- Dataset extract
-- -- --
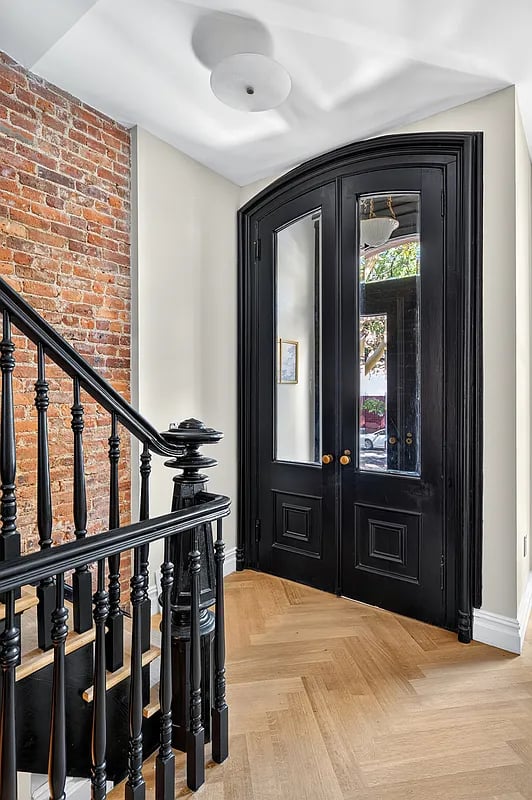 428 Vanderbilt Ave 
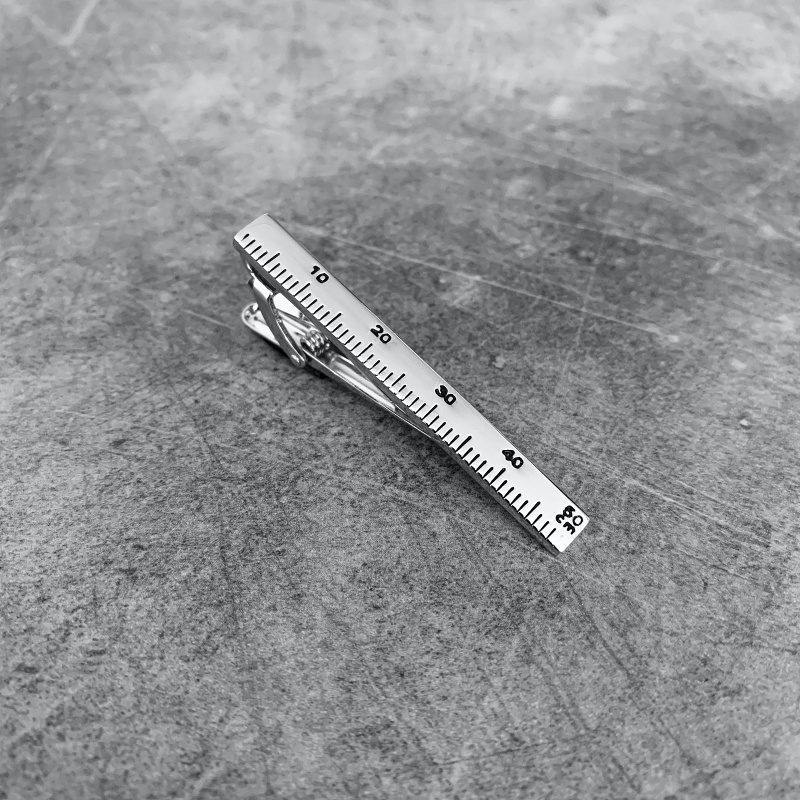 Spona na kravatu Metr 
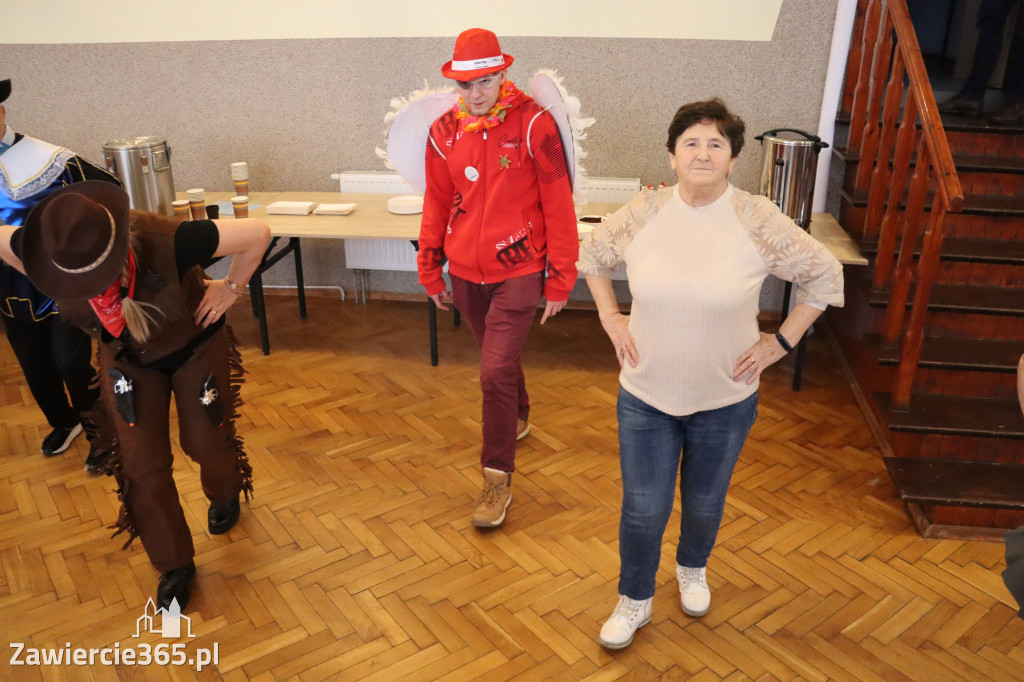 Fotorelacja: Karnawałowy Marsz Nordic Walking w Zawierciu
-- -- --
- Work required
Could you transcribe all of the data exactly, keeping every picture out of the copy?

- Task result
 428 Vanderbilt Ave 
 Spona na kravatu Metr 
 Fotorelacja: Karnawałowy Marsz Nordic Walking w Zawierciu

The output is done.